Kültürlerarası Tasarım ve UX’in Rolü

Kültürlerarası Tasarım ve UX’in Rolü

by Zeynep Zorbozan Mayıs 11, 2023

Kültür, çoğu zaman tanınmayacak kadar güçlü bir kuvvettir, özellikle kültürlerarası kullanıcı deneyimi tasarımında etkilidir.

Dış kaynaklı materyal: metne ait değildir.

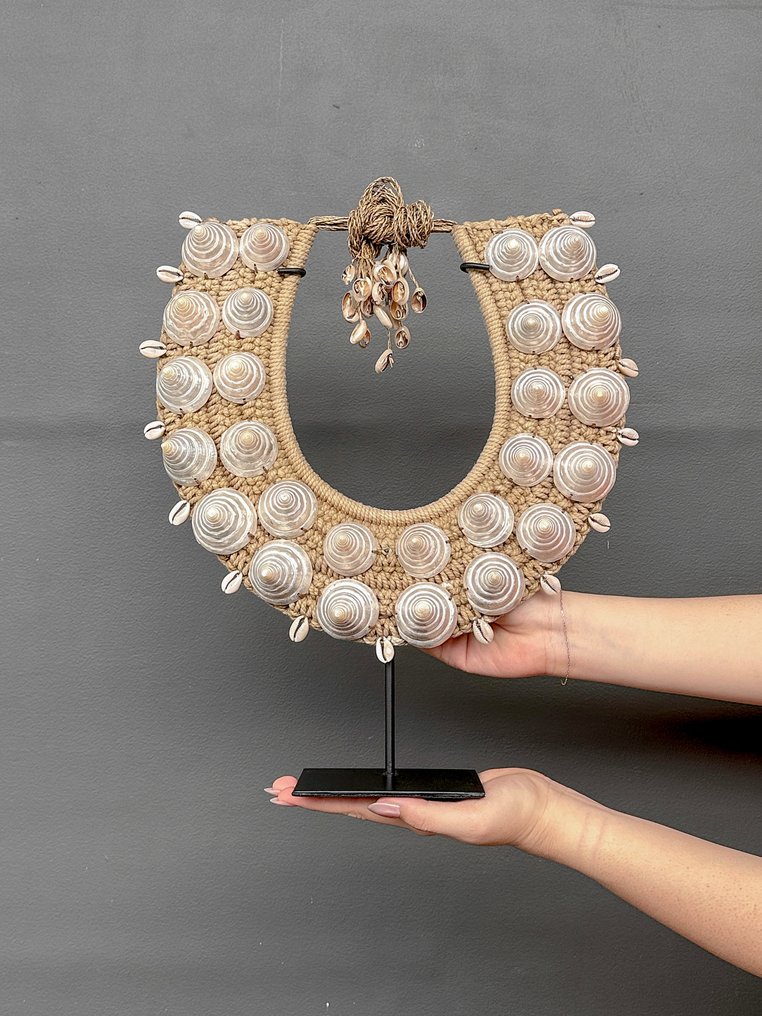 Ornament decorativ - NO RESERVE PRICE - SN13 - Decorative shell necklace on a custom stand - Papua Noua Guinee #1.0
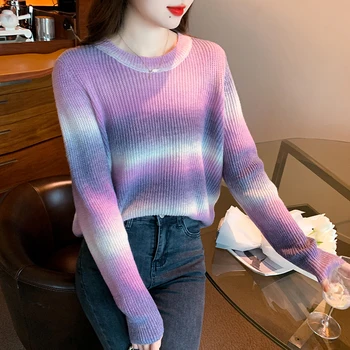 Модные элегантные женские вязаные свитер-пуловеры на весну и осень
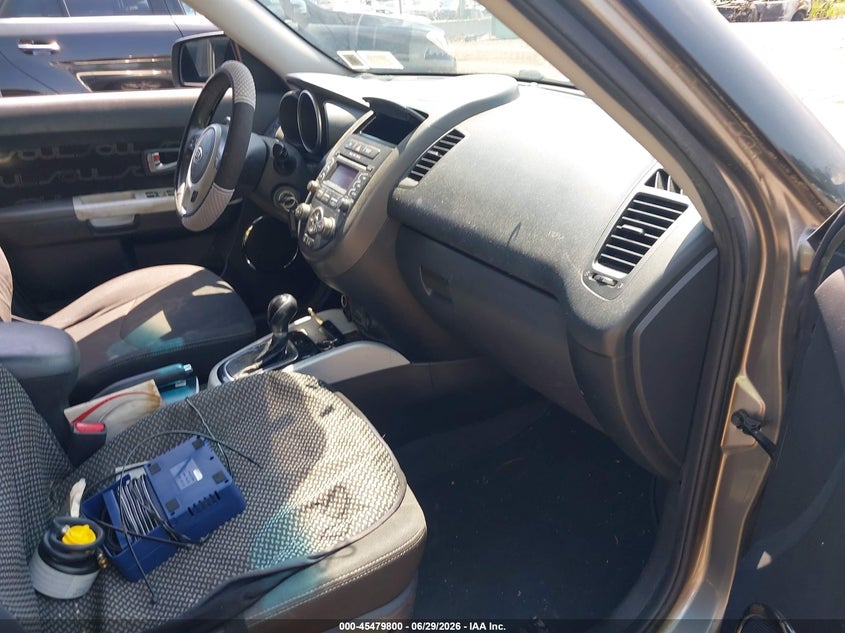 2012 Kia Soul VIN KNDJT2A67C7361084 IAAI salvage auction — NORMAL WEAR, Clear (New York), sold $700 on 2026-07-21 (photo 5)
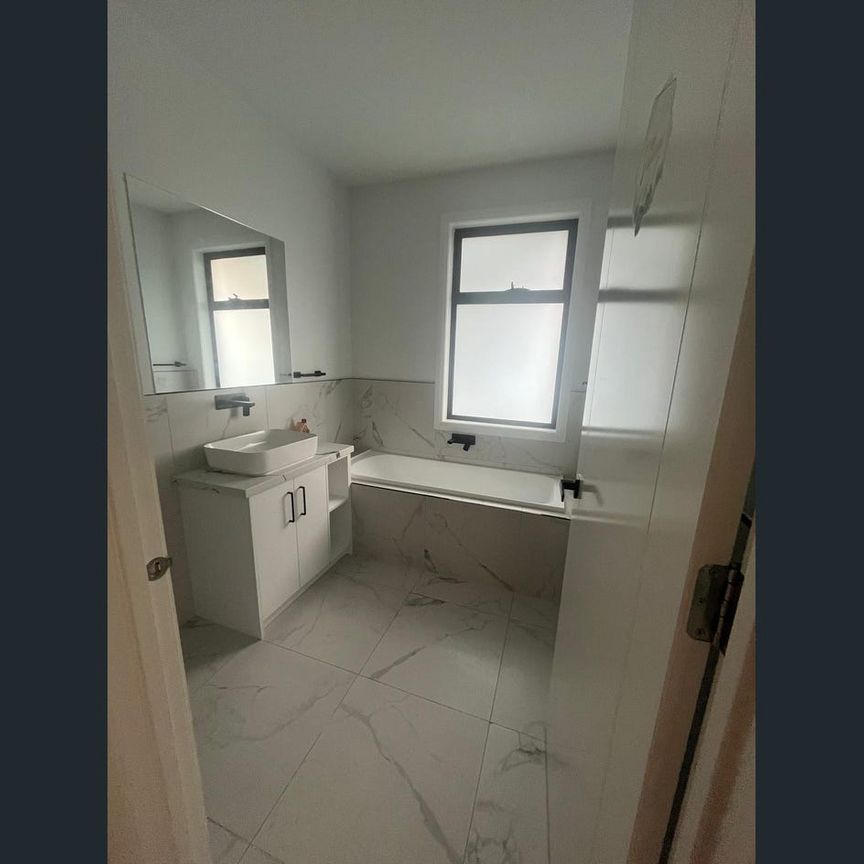 Low Maintenance! Close to All Amenities! - Photo 1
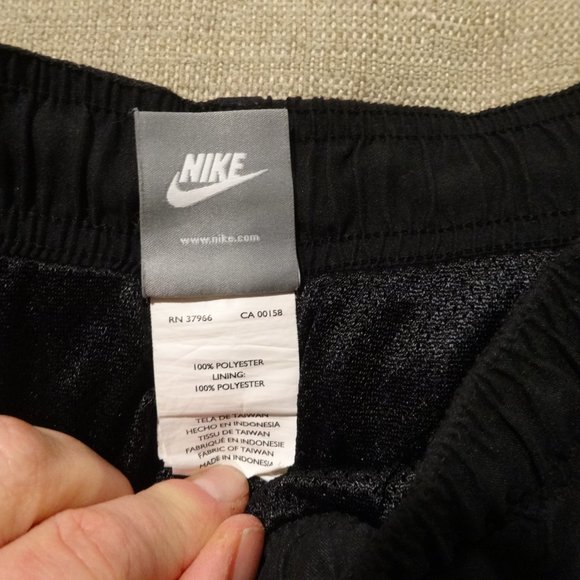 Vintage 90s NIKE‎ Black & Gray SWIM TRUNKS - Picture 3 of 4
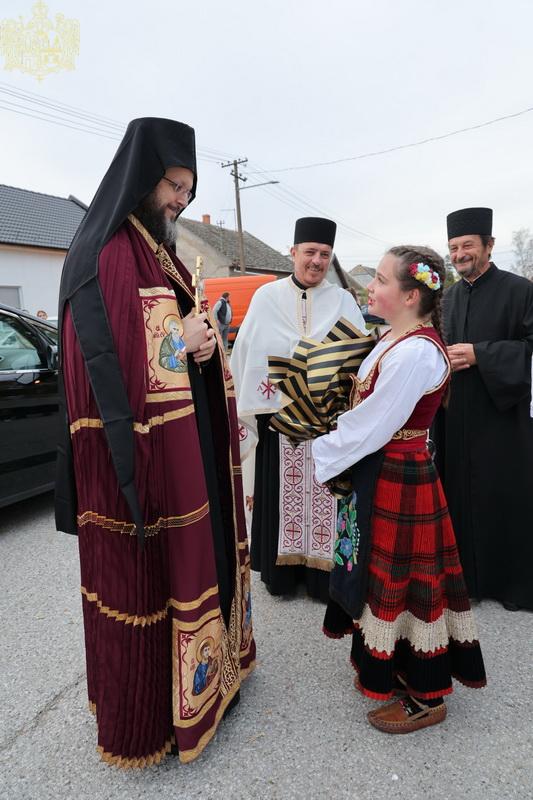 Освећење крстова за храм у Вајској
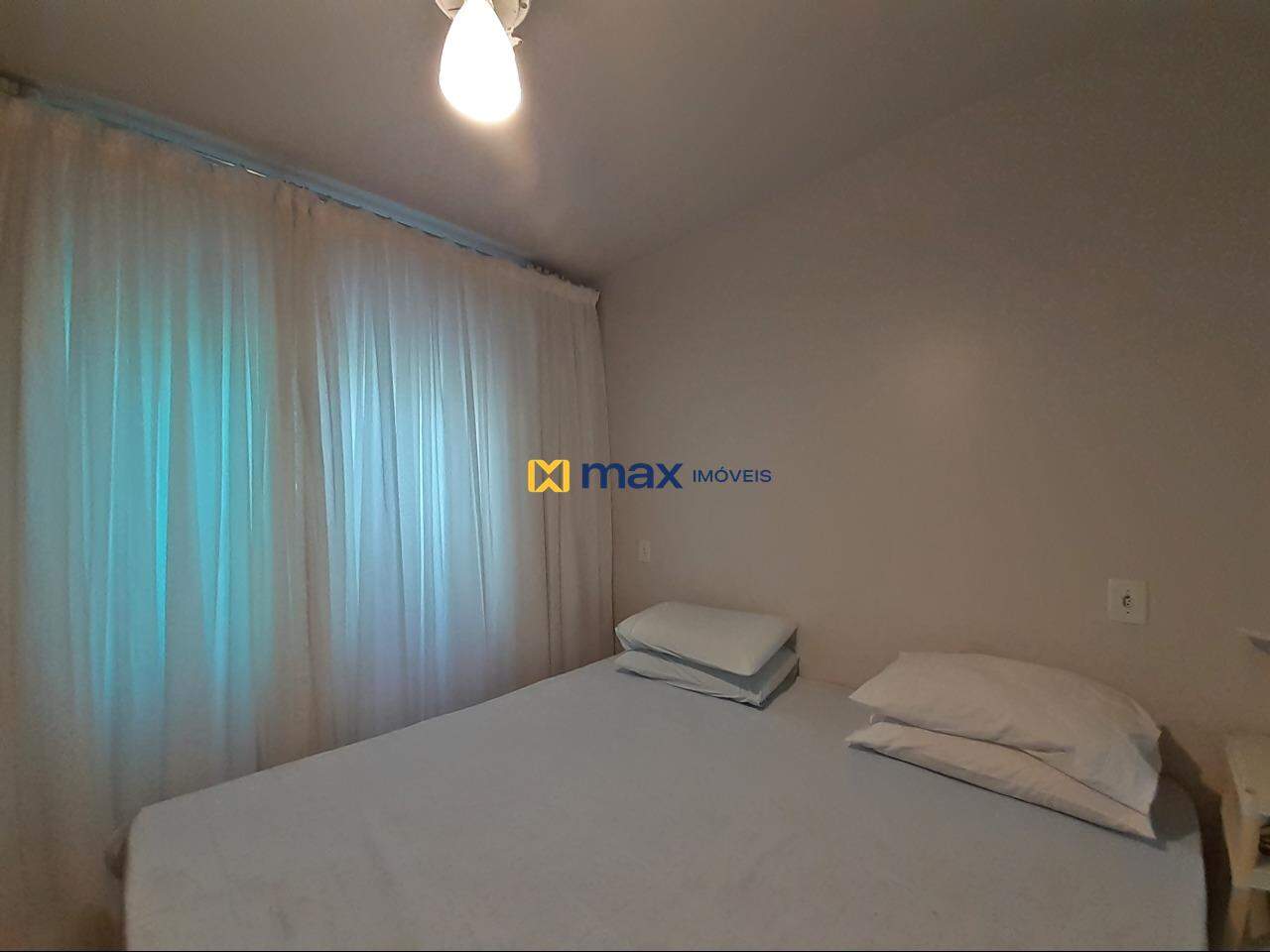 Apartamento à venda no Meia Praia: 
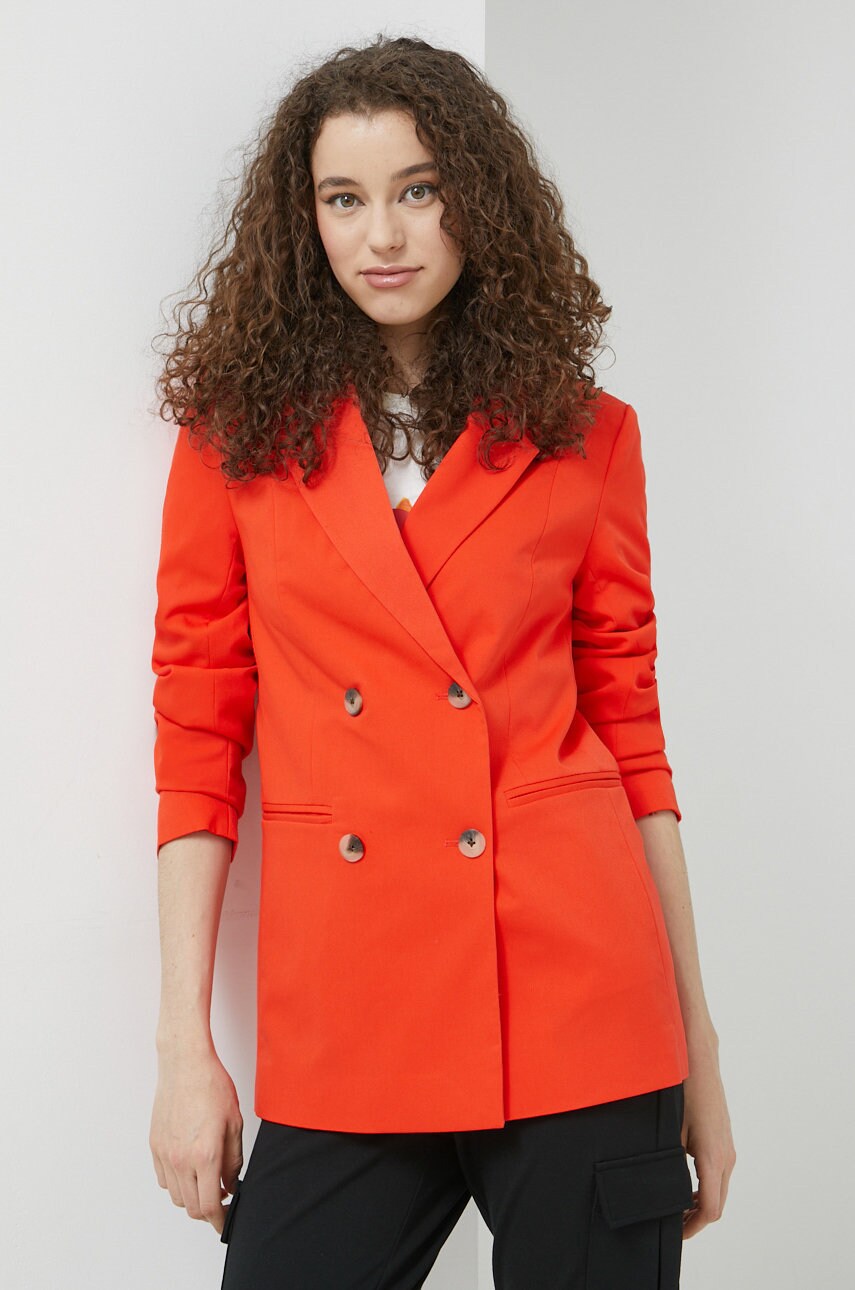 Pieces sacou malie , culoarea rosu, cu doua randuri de nasturi, neted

Global bir marka olmak gibi bir hedefiniz varsa eğer, seçtiğiniz ismin diğer dillerdeki anlamını iyi araştırmak gerekiyor. Bu konunun en klasik örneklerinden biri olan Chevrolet’in alt markalardan biri olan NOVA’dır. Markanın Latin Amerika’da satışlarının yok denecek kadar az olmasının sebebi, Nova’nın İspanyolca’da ‘gitmez’ anlamına geldiğinden kaynaklandığı anlaşılıyor.

Neden bu kadar önemli?

Eğer bir “Kullanıcı Deneyimi” veya “Ürün” tasarımcısıysanız, muhtemelen kültürün işinizi etkilediğinin farkındasınızdır — ve değilse de olmalısınız. Bu, özellikle müşterileriniz için yerelleştirilmiş Kullanıcı Deneyimi oluştururken geçerlidir. Her kültür, tıpkı toplumlarında olduğu gibi farklı tasarım ögelerine farklı değerler koyar. Bu kültürel farklılıkların getirdiği, farklı bakış açıları nedeniyle ürettiğiniz içeriği de farklı yollarla tüketirler. Yaptığımız ürünün algılanması, güvenilir olmasını sağlayan en önemli şey kültür ve kültürün getirdiği duygu algılarımızdır. Çünkü etkileşim kurarken kültürel geçmişimizden aldığımız norm ve değerler sonucunda karar veriyoruz.

Tasarımlarımızın etkili olduğundan emin olmak için her şeyin kullanıcılar tarafından kültürel geçmişlerine ve değerlerine göre yorumlandığını bilmeliyiz. Teknoloji bile aslında bağlamsaldır. Komik bir örnek vermek gerekirse; batı kültüründe çamaşır makinesini sadece çamaşırları yıkamak için kullandığımız halde, Çin’deki çamaşır makinelerin de, çinli çiftçiler tarafından patateslerin yıkanması da kültürel farklılıkların sebebi.

Kültürlerarası tasarım nedir?

Kültürel sınırlar boyunca kullanılabilirlik ve kullanıcı deneyimi sağlamak için farklı kültürler, diller ve ekonomik konumlar için teknoloji tasarlama.

Kültürler birbirlerinden nasıl farklıdır?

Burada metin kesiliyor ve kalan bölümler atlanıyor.